The Swedish government has signaled its intent to increase Sweden's attractiveness as a place in which to invest by pledging to scrap the wealth tax in the upcoming budget, due to be announced on April 16.
The centre-right four-party coalition made the pledge in an announcement published in a newspaper, arguing that Sweden remains only one of four countries in the OECD that levies a wealth tax. The government has also blamed the tax for contributing to high levels of capital flight and low levels of investment and entrepreneurship.
"The big winners are, in the long term, all Swedes, because we need to have the conditions for jobs and companies necessary to match global competition," Finance Minister Anders Borg was quoted as saying by AFX News.
"One issue is that little money stays in the country. There has been a big discussion in recent years about how globalization makes capital more and more non-national and harder to keep within national boundaries," he went on to observe.
Currently, Sweden's wealth tax is charged at 1.5% on savings of over SKR1.5 million (US$214,000) for single people, and at the same rate on savings of more than SKR3 million for couples. In 2005, the tax raised around SKR4.5 billion in revenues from a mere 2.5% of all taxpayers, and it is argued by proponents of axing the wealth tax that the move would have a negligible impact on the public budget. Revenues lost to the government are to be partly financed through cutting tax breaks on private pension savings.

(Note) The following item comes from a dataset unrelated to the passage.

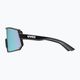 UVEX Sportstyle 235 schwarz matt/verspiegelt lavendel Sonnenbrille 4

The announcement is the first indication that Prime Minister Fredrik Reinfeldt is serious about tackling the size of Sweden's welfare state and tax burden, both of which are among the world's highest. Prior to his election victory last September, Reinfeldt's coalition talked about cutting income, corporate and property taxes by about SKR60 billion. These cuts would be financed in part by paring down unemployment and sickness benefits. The coalition has also expressed its intention to make the labour force more flexible by allowing companies to hire and fire workers more easily, and by removing certain state benefits which it argues act as a disincentive to work.
The election of Reinfeldt as Prime Minister ended the 12-year reign of former leader Goran Persson, but more significantly, it heralded the first interruption of the centre-left's seven-decade domination of Swedish government.